START TASK INPUT
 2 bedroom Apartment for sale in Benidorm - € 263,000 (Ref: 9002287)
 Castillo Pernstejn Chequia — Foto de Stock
END TASK INPUT
START TASK INPUT
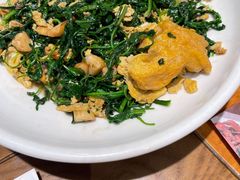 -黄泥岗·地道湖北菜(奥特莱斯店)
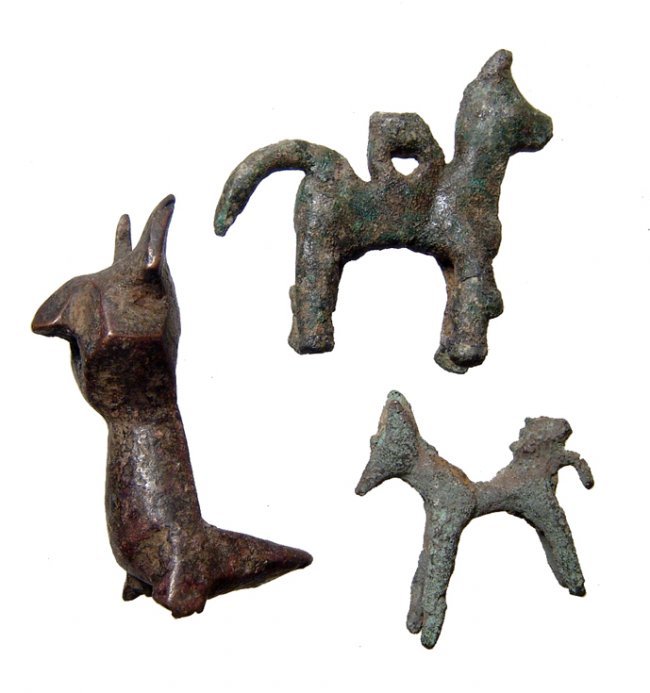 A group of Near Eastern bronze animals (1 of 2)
END TASK INPUT
■ WORK TO BE COMPLETED:
All that is needed is the exact run of lines above from the line containing "2 bedroom Apartment" through the line containing "Castillo Pernstejn Chequia — Foto de Stock", both of them included.

■ RESULT:
 2 bedroom Apartment for sale in Benidorm - € 263,000 (Ref: 9002287)
 Castillo Pernstejn Chequia — Foto de Stock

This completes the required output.